Alembic Therapeutics Acquires NUVESSA Metronidazole Vaginal Gel 1.3% from Exeltis USA
Alembic Therapeutics acquires NUVESSA® from Exeltis USA, assuming full GMP and regulatory responsibility for the FDA-approved bacterial vaginosis gel.
Breaking News
Jun 09, 2026
Vaibhavi M.
Product transfer obligations now sit with Alembic Therapeutics, LLC following its acquisition of NUVESSA® (metronidazole vaginal gel 1.3%) from Exeltis USA, Inc., a shift that places GMP compliance, labeling continuity, and distribution accountability squarely under new commercial ownership. For QA directors and regulatory affairs leads managing the receiving side of branded transfers, the transaction signals an immediate review cycle across batch records, approved suppliers, and post-market commitments tied to the existing NDA.
NUVESSA carries FDA approval for the treatment of bacterial vaginosis in females 12 years of age and older, delivered as a single-dose, pre-filled disposable applicator containing approximately 5g of gel with 65mg of metronidazole administered intravaginally once daily at bedtime. The single-dose format constrains process validation scope but does not reduce the regulatory surface area: contraindication language covering hypersensitivity to metronidazole, parabens, and other nitroimidazole derivatives must carry forward without deviation into any revised labeling or promotional materials Alembic issues post-close.
Under 21 CFR Part 211, the incoming owner assumes full responsibility for manufacturing controls, stability data stewardship, and annual product review obligations from the transfer date. Where contract manufacturing arrangements remain in place from the Exeltis era, Alembic's QA team will need to qualify those relationships against its own quality agreement standards and confirm that any existing ICH Q10 pharmaceutical quality system documentation is updated to reflect the change in commercial ownership. Supply chain continuity for retail and specialty pharmacy channels is confirmed, but distribution agreements will require re-execution under Alembic's legal entity.

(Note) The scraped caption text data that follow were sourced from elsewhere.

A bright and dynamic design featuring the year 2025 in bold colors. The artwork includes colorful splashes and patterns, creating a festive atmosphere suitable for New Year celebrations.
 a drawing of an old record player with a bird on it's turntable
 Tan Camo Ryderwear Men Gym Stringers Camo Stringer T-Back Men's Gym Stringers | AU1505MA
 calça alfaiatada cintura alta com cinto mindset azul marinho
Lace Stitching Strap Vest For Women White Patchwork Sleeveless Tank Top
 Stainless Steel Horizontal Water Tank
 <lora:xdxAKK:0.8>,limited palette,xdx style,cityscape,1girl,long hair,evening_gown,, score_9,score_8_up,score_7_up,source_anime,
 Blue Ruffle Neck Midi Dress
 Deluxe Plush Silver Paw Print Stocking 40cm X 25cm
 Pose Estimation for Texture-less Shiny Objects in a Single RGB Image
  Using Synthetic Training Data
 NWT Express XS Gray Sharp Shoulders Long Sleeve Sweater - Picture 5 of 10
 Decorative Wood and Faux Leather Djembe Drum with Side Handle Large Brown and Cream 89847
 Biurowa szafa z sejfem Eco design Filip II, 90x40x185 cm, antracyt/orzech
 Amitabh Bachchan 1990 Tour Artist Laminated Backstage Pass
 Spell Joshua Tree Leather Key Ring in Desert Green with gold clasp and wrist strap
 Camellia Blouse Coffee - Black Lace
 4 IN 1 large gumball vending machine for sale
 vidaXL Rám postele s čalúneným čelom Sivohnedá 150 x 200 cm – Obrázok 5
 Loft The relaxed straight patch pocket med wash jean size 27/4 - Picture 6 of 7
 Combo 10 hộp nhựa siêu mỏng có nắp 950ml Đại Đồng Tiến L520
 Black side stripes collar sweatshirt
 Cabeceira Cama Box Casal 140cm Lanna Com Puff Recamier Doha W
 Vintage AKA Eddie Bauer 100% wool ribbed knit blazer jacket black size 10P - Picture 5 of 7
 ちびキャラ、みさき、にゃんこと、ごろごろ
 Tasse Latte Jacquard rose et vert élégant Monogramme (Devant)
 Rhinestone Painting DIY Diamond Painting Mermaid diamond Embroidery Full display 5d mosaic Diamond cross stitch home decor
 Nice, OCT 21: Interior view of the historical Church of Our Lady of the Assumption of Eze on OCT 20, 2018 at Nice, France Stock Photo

Alembic Therapeutics is headquartered in Bedminster, N.J., and positions the acquisition as an expansion of its women's health portfolio. No financial terms were disclosed. The company has not indicated whether manufacturing will be transferred to an Alembic-operated facility or retained at the existing contract site, a detail that will determine the scope of any supplemental NDA filing required under 21 CFR Part 314.
The pace at which Alembic files any necessary post-acquisition supplements with FDA will serve as the first measurable indicator of how smoothly the regulatory transfer has been executed.